Ingo Schwarze [Sun, 26 Oct 2014 17:12:03 +0000 (17:12 +0000)]
Improve -Tascii output for Unicode escape sequences: For the first 512
code points, provide ASCII approximations. This is already much better
than what groff does, which prints nothing for most code points.
A few minor fixes while here:
* Handle Unicode escape sequences in the ASCII range.
* In case of errors, use the REPLACEMENT CHARACTER U+FFFD for -Tutf8
and the string "<?>" for -Tascii output.
* Handle all one-character escape sequences in mchars_spec2{cp,str}()
and remove the workarounds on the higher level.
Ingo Schwarze [Sat, 25 Oct 2014 15:23:56 +0000 (15:23 +0000)]

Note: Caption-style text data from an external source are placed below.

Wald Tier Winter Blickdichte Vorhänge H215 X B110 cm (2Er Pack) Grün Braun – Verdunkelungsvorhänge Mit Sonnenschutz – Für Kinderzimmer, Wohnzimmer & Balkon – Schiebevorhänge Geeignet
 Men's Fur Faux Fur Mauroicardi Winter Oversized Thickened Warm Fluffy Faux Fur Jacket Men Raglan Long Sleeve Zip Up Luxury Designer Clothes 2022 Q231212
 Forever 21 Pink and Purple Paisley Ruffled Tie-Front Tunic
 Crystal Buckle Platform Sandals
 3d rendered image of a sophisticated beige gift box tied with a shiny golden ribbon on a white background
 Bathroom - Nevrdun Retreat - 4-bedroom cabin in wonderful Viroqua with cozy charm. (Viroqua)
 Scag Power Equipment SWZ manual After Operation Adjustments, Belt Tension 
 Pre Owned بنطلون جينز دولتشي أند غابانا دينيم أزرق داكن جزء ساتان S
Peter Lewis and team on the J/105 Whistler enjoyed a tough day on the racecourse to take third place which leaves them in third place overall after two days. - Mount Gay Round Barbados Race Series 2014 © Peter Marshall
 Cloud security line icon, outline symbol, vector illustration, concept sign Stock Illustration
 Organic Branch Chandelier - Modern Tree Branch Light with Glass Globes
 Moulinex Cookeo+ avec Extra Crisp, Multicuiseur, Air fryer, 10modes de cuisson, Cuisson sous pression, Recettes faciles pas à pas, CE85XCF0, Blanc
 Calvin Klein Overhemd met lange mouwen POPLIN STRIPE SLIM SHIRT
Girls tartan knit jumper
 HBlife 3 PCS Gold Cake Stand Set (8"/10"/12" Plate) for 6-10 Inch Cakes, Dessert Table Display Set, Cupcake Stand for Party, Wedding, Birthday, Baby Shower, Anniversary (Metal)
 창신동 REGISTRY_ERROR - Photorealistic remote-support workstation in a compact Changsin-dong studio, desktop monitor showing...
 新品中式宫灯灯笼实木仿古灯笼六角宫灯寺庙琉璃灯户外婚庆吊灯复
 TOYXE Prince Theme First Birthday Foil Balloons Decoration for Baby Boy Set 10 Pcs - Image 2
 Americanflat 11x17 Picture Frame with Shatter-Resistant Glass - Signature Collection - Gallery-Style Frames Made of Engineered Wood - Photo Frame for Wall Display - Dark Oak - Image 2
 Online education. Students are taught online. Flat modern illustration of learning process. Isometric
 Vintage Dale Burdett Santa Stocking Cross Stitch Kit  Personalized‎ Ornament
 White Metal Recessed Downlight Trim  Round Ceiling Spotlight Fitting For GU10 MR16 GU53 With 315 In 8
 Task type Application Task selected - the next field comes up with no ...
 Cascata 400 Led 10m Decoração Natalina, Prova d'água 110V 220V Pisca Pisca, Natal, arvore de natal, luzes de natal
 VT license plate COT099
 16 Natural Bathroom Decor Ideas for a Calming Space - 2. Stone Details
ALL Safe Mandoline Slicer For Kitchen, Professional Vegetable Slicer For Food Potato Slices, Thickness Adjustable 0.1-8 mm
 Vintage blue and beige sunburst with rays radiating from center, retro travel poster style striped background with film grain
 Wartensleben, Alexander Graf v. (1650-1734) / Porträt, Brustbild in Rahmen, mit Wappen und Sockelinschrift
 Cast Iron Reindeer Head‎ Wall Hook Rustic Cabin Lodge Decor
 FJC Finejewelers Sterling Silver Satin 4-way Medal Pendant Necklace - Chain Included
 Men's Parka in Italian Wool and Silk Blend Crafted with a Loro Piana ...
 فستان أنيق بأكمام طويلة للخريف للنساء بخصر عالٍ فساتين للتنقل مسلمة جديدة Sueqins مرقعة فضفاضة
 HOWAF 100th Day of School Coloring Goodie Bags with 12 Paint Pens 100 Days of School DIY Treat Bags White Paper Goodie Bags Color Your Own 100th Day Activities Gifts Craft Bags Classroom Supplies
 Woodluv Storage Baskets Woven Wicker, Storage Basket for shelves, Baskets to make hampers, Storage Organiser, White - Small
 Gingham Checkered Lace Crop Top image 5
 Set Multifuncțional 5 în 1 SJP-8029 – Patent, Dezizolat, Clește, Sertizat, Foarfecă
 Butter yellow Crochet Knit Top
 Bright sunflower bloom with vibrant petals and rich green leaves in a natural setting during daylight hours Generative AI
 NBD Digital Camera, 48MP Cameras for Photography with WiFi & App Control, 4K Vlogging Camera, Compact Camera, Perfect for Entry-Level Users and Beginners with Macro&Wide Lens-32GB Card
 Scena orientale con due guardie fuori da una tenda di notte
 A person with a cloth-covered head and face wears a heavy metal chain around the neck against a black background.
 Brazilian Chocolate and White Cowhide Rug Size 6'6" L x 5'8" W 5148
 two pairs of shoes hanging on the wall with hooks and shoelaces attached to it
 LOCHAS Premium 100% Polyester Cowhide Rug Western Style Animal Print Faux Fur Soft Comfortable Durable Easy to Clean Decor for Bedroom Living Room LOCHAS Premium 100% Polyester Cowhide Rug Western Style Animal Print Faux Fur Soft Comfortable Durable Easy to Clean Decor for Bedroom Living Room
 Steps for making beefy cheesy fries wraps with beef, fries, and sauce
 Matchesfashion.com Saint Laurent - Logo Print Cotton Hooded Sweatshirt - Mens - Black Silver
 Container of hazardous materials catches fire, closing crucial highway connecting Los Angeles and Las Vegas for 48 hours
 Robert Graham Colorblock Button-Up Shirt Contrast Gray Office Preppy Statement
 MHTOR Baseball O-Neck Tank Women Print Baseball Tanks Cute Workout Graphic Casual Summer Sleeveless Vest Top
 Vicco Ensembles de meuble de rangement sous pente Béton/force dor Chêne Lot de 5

With the current architecture, we can't support inline equations
inside tables, sorry. So don't even try to parse tbl(7) blocks for
eqn(7) delimiters.
Broken table layout found in glPixelMap(3) while investigating
a bug report by Theo Buehler <theo at math dot ethz dot ch>.
Ingo Schwarze [Sat, 25 Oct 2014 14:35:37 +0000 (14:35 +0000)]
Report arguments to .EQ as an error, and simplify the code:
* drop trivial wrapper function roff_openeqn()
* drop unused first arg of function eqn_alloc()
* drop usused member "name" of struct eqn_node
While here, sync to OpenBSD by killing some trailing blanks.
Ingo Schwarze [Mon, 20 Oct 2014 01:43:48 +0000 (01:43 +0000)]
show the {MDOC,MAN}_EQN node, it contains interesting information,
in particular line and column numbers and flags;
but hide the uninteresting EQN_ROOT box
Ingo Schwarze [Thu, 16 Oct 2014 01:11:20 +0000 (01:11 +0000)]
Implement in-line equations, much needed by Xenocara manuals.
Put the steering into the roff parser rather than into the mdoc
parser such that it works for all macro languages and on both text
and macro lines.
Line breaks and blank characters generated before and after in-line
equations are not perfect yet, but let's do one thing at a time.
Ingo Schwarze [Tue, 14 Oct 2014 02:16:06 +0000 (02:16 +0000)]
Rudimentary implementation of the e, x, and z table layout modifiers
to equalize, maximize, and ignore the width of columns.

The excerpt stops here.